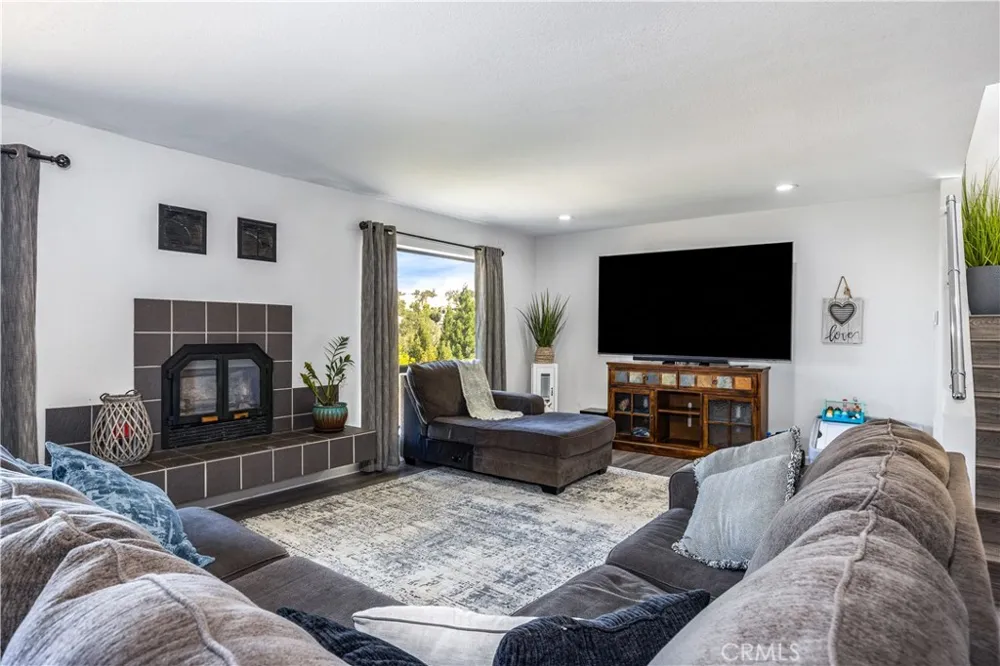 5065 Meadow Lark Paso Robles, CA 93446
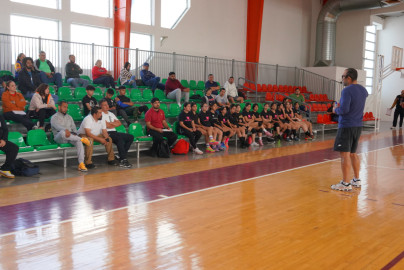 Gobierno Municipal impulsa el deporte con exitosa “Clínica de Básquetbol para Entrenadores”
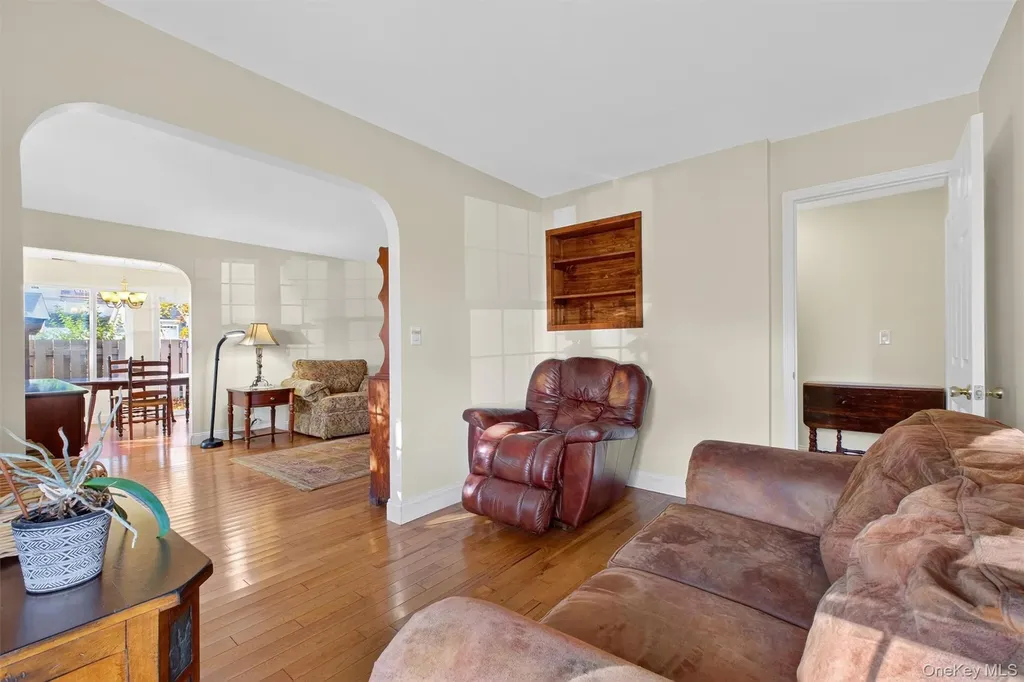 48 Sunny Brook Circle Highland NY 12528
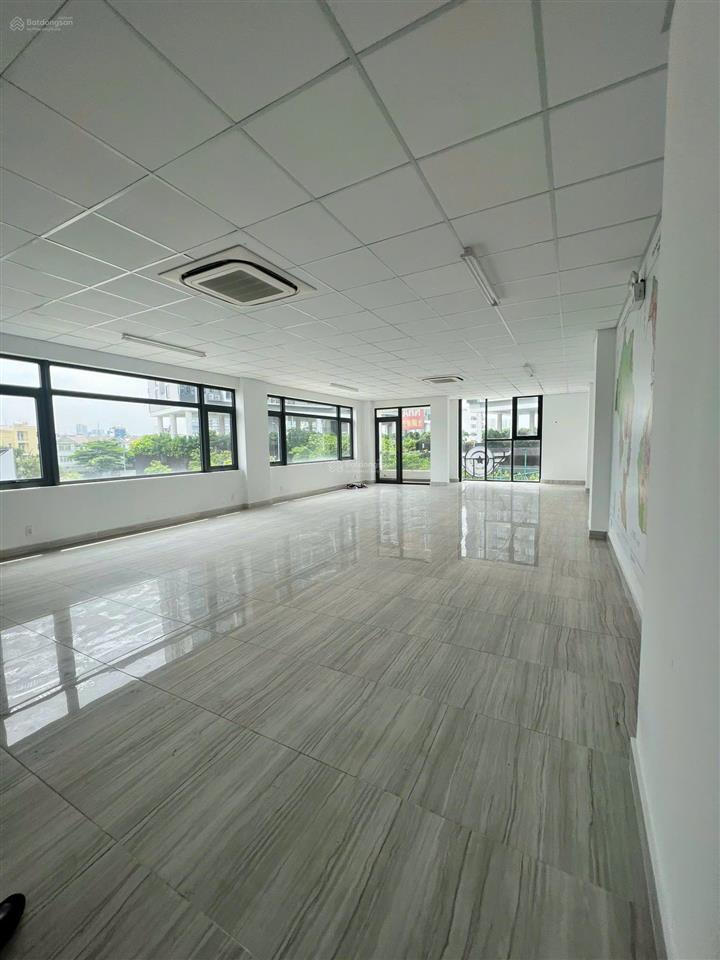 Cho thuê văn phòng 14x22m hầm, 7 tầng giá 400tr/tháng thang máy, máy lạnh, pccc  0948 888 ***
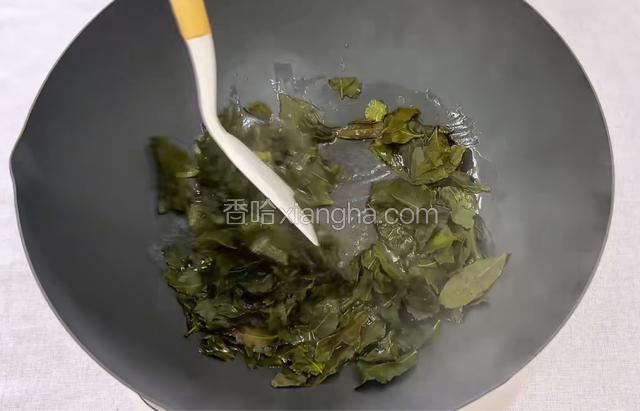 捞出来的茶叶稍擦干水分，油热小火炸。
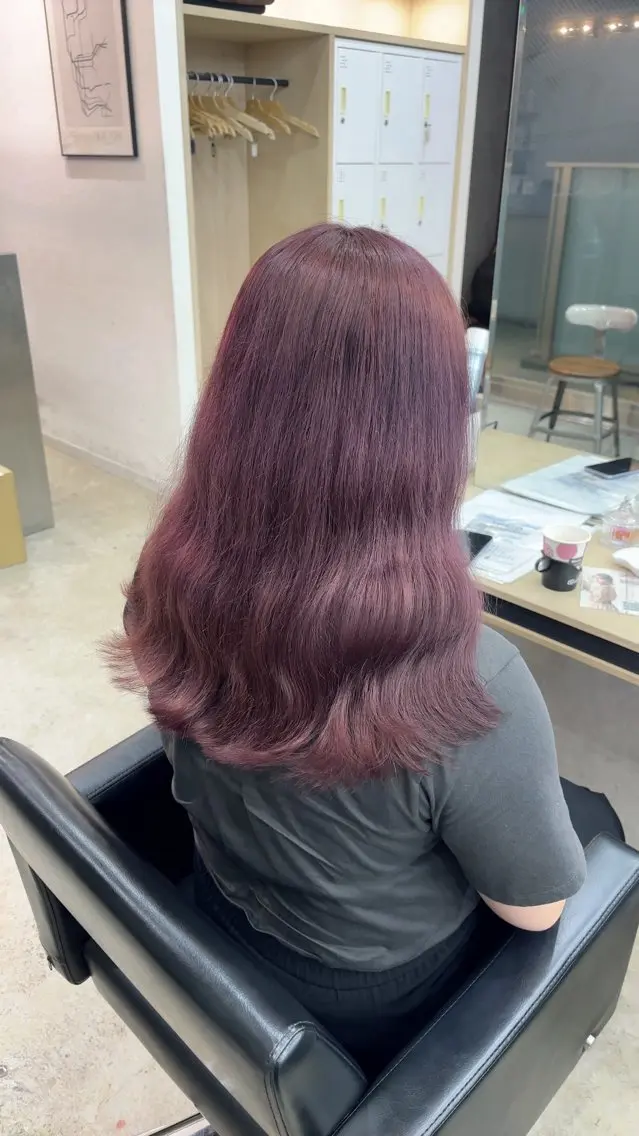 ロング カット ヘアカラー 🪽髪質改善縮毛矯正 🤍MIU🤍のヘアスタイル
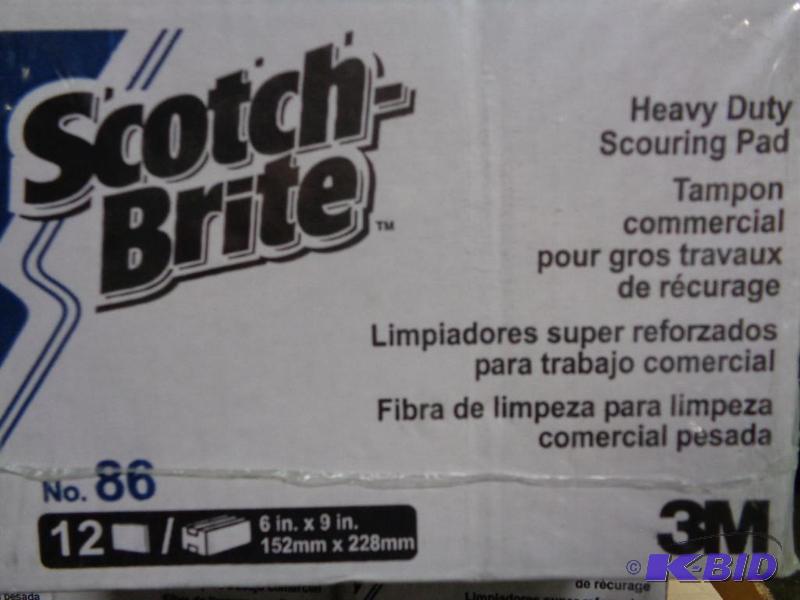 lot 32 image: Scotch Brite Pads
::::
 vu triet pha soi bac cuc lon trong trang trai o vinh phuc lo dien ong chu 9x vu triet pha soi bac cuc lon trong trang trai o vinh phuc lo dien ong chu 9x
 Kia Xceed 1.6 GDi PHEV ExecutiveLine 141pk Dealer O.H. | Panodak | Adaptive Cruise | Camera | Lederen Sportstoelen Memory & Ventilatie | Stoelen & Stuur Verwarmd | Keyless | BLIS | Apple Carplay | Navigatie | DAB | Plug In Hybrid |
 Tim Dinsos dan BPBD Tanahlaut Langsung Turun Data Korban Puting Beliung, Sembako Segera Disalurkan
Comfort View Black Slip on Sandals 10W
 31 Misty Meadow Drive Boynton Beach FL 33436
::::
[Exercise requirements] In the entries above, the lines between the one holding "Kia Xceed 1.6" and the one holding "31 Misty Meadow Drive Boynton Beach FL 33436", inclusive, are to be printed exactly as written, and those alone.

[Response box]
 Kia Xceed 1.6 GDi PHEV ExecutiveLine 141pk Dealer O.H. | Panodak | Adaptive Cruise | Camera | Lederen Sportstoelen Memory & Ventilatie | Stoelen & Stuur Verwarmd | Keyless | BLIS | Apple Carplay | Navigatie | DAB | Plug In Hybrid |
 Tim Dinsos dan BPBD Tanahlaut Langsung Turun Data Korban Puting Beliung, Sembako Segera Disalurkan
Comfort View Black Slip on Sandals 10W
 31 Misty Meadow Drive Boynton Beach FL 33436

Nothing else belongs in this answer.